The smallest dimension n of a hypercube such that if the lines joining all pairs of corners are two-colored, a planar complete graph of one color will be forced. Stated colloquially, this is equivalent to considering every possible committee from some number of people n and enumerating every pair of committees. Now assign each pair of committees to one of two groups, and find the smallest n that will guarantee that there are four committees in which all pairs fall in the same group and all the people belong to an even number of committees.
(Hoffman 1998 p. 54, quoted by http://mathworld.wolfram.com/GrahamsNumber.html)
In other words, each person is a dimension of the cube, each committee is a vertex, a pair of committees is a line joining vertices, the two groups are the colorings of the lines, and the people on an even number of committees ensures that the four chosen vertices (committees) lie on a hyperplane. (But I don't think that last clause is correct. In the 3-cube, (000),(110),(101), and (011) don't lie on a hyperplane, but all three people are on two committees.)
The paper introducing Graham's number can be found at http://www.jstor.org/view/00029947/di970177/97p00383/0 (page 290 is where he mentions the number).
To define Graham's number, we use arrow notation. A single up-arrow is the exponentiation operator, or iterated multiplication (multiplication of course being iterated addition). A double arrow is iterated exponentiation. The triple arrow is iterated double-arrow, and so on:
m*n = m+m+m+m+...+m, n times. m^n = m*m*m*m*...*m, n times. m^^n = m^m^m^m^...^m, n times. This is sometimes referred to as a power tower. m^^^n = m^^m^^m^^m^^...^^m, n times = m^^m^^m^^m^^..^^x, with (n-2) m's, where x = m^m^m^m^..^m, m times.
And so on: Clearly this gets big quickly (although not as fast as other functions out there). An important property is that the order of operations starts at the right side and works to the left, as in the last example. Now for some examples:
2^2 = 2*2 = 4 2^^2 = 2^2 = 4 2^^^2 = 2^^2 = 4
2^3 = 2*2*2 = 8 2^^3 = 2^2^2 = 2^(4) = 16 2^^^3 = 2^^2^^2 = 2^^4 = 2^2^2^2 = 2^2^4 = 2^16 = 65536
3^3 = 3*3*3 = 27 3^^3 = 3^3^3 = 3^27 = 7,625,597,484,987 3^^^3 = 3^^3^^3 = 3^^(7,625,597,484,987) = 3^3^3^...^3 (7,625,597,484,987 times)
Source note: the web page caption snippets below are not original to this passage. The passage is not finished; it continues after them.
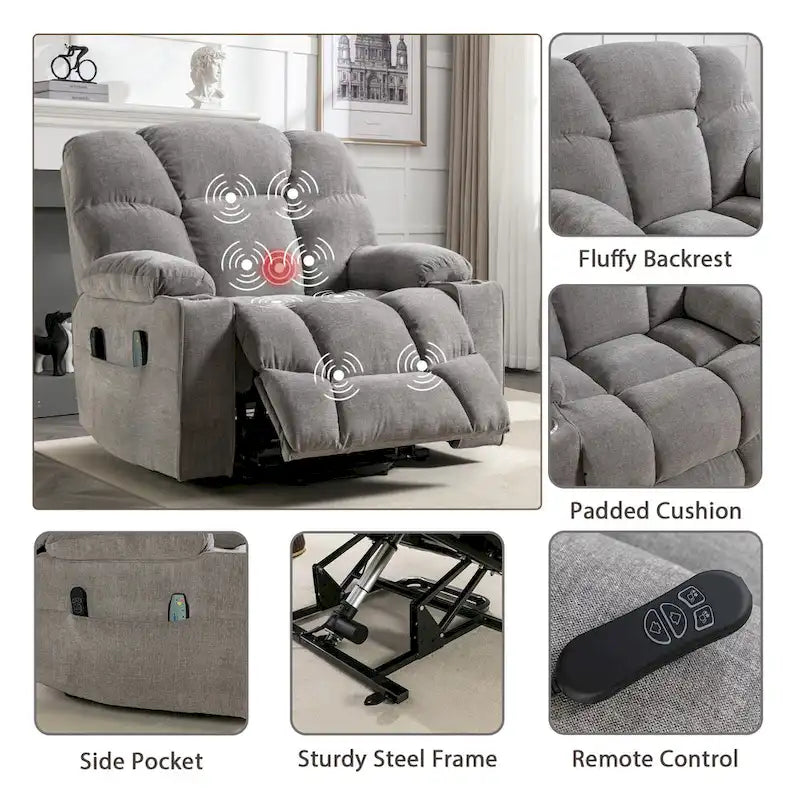 Fauteuil inclinable releveur électrique avec massage, chaleur et 2 porte-gobelets — Idéal pour les seniors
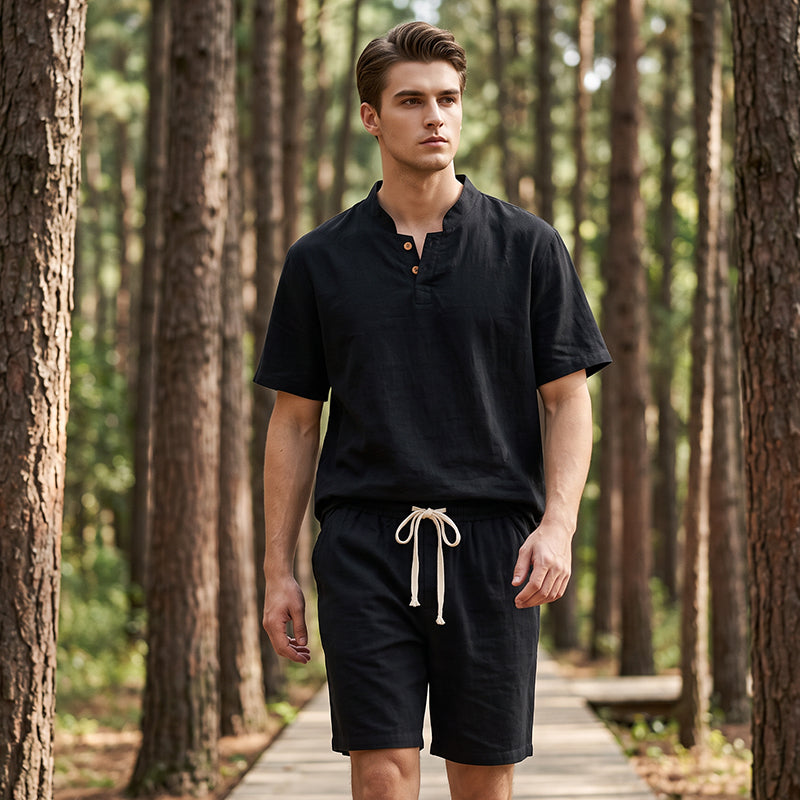 🔥50% OFF NOW🌬️ Men's Breathable Summer Lounge Set‑Soft Short‑Sleeve Top & Shorts Outfit for Daily Relaxation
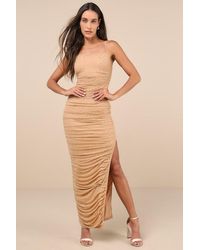 Lulus - Sparkling Intuition Mesh Rhinestone Ruched Maxi Dress - Lyst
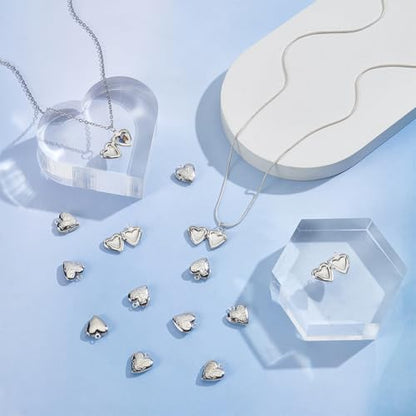 UNICRAFTALE about 20Pcs Photo Pendants Heart Locket Pendants Heart Memory Locket Charms 12.5mm Metal Heart Charms Photo Locket Necklace Pendants for Jewelry Making Charms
4^4 = 4*4*4*4 = 256 4^^4 = 4^4^4^4 = 4^4^256 = kinda big (but not very compared to later examples)
Okay, now we have an idea of up arrow notation, let's go to G_63. We start with G_0 (these are capital Gs with numerical subscripts).
G_0 = 3^^^^3 = 3^^^3^^^3 = 3^^^(3^^(7,625,597,484,987)) = REALLY HUGE
This blows the number of particles in the universe out of the water. (Last I hear, the estimated number of elementary particles was something like 2^100, but even if it were 2^(100^100) it isn't even comparable to this number.)
Now, to get the next item in the series:
G_1 = 3^^^^..^3 where there are G_0 up arrows
wow
To continue:
G_2 = 3^^^^..^3 where there are G_1 up arrows
Continue this until you reach G_63 and you've found the upper limit to the problem stated before.
super wow
Interesting facts:
About notation: The Mathworld article on Graham's Number uses an alternative "little g" notation. It defines g_1 = G_0, g_2 = G_1, and so on. Therefore it gives the upper bound as g_64 instead of G_63.